- [Problem to solve]: The lines below, from the one holding "2026 Estados Unidos" through the one holding "ルイヴィトン LOUIS VUITTON シテGM モノグラム ショルダーバッグ", are to be restated word for word, with all images left out.

- [Data to examine]:

■ ■ ■ ■

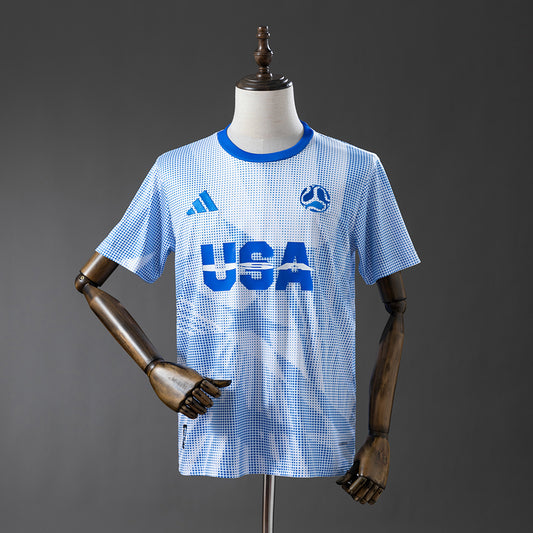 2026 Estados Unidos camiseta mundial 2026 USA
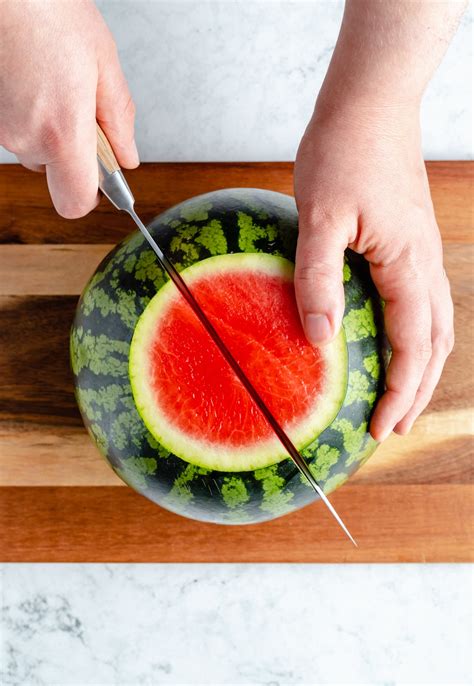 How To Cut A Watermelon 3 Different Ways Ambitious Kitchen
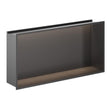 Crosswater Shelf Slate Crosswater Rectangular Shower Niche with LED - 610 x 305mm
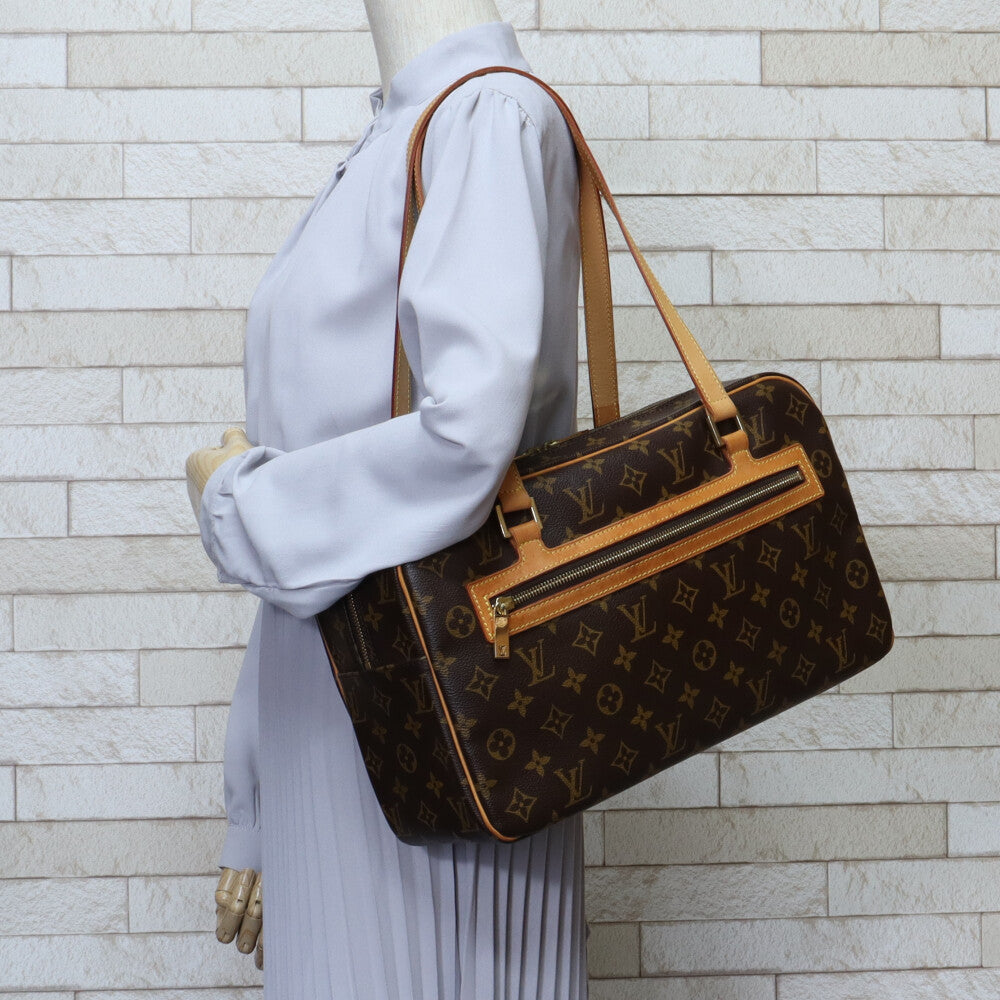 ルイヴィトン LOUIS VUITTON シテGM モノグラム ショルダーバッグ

■ ■ ■ ■

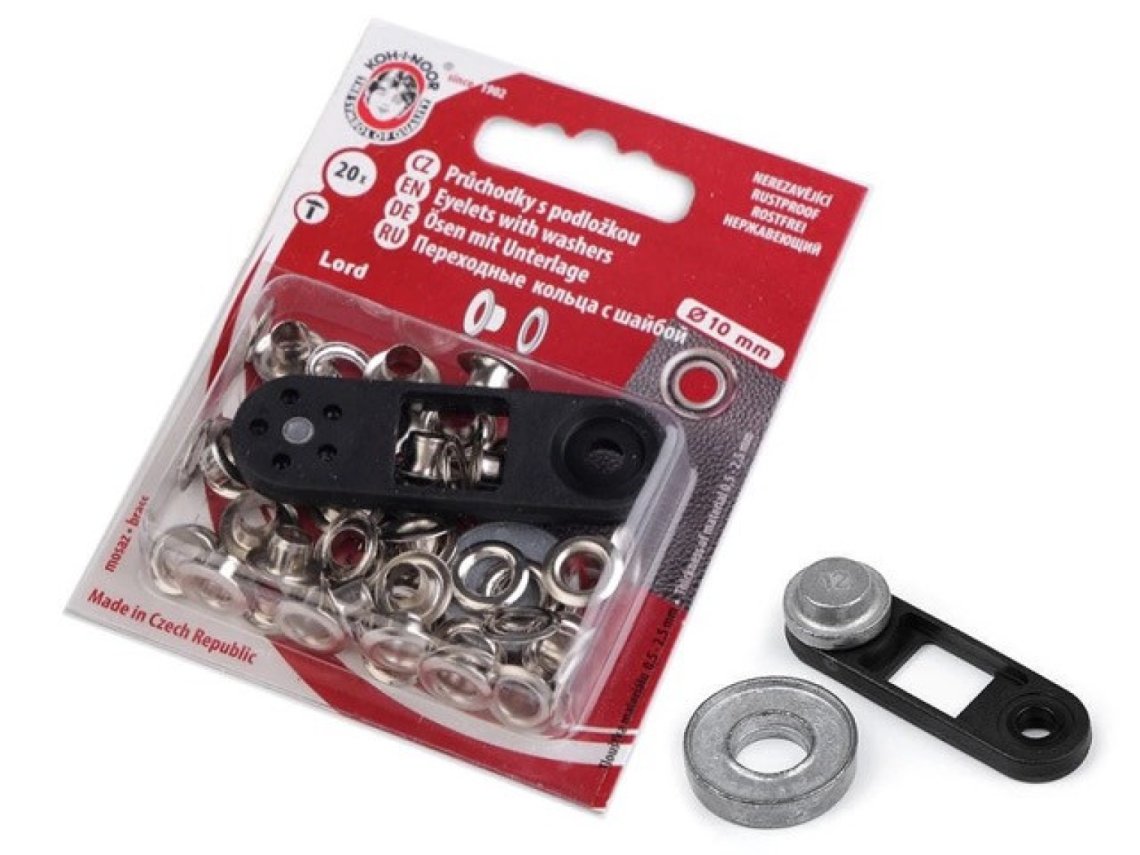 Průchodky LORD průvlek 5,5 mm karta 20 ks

■ ■ ■ ■

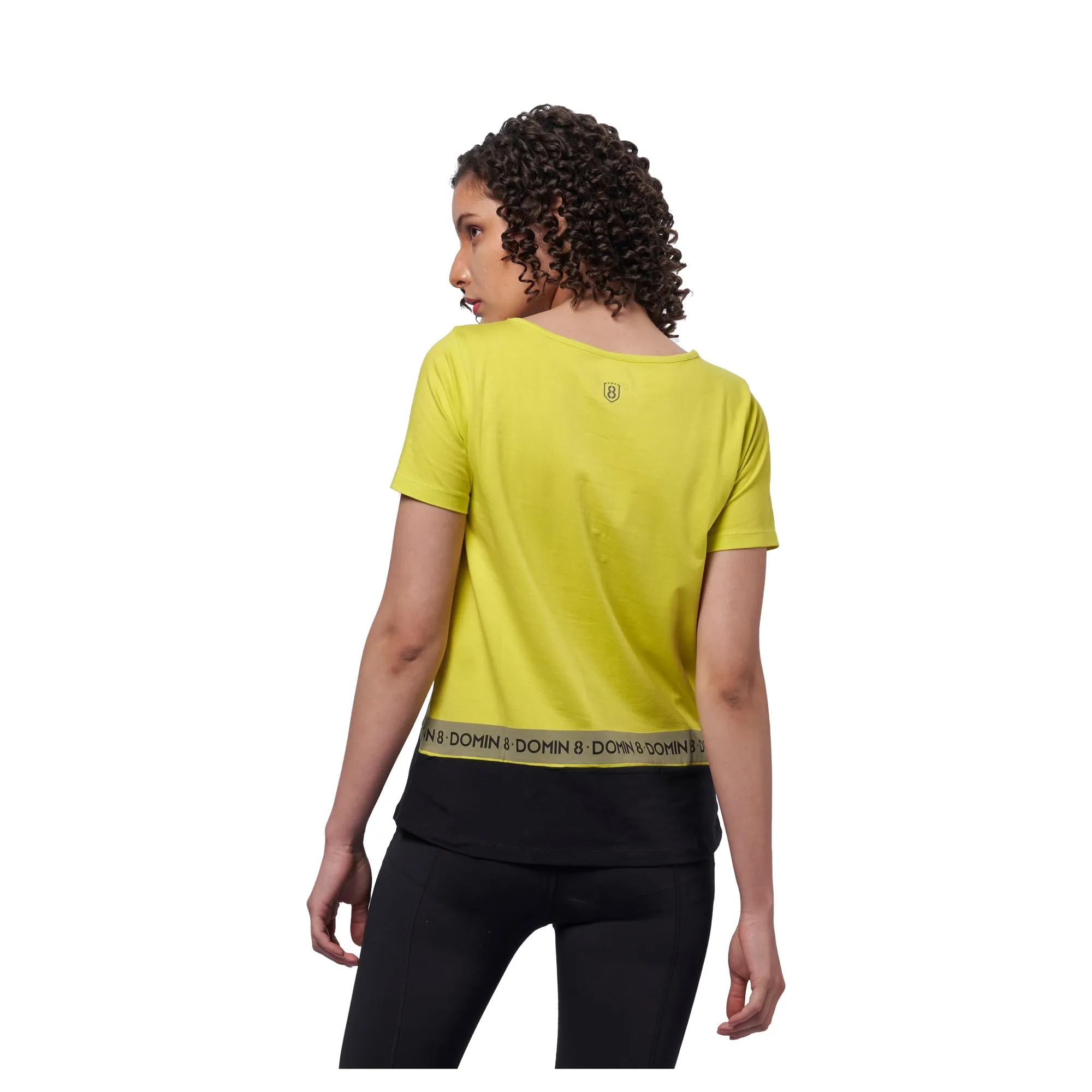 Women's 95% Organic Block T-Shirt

■ ■ ■ ■

- [Response to the task]:
 2026 Estados Unidos camiseta mundial 2026 USA
 How To Cut A Watermelon 3 Different Ways Ambitious Kitchen
 Crosswater Shelf Slate Crosswater Rectangular Shower Niche with LED - 610 x 305mm
 ルイヴィトン LOUIS VUITTON シテGM モノグラム ショルダーバッグ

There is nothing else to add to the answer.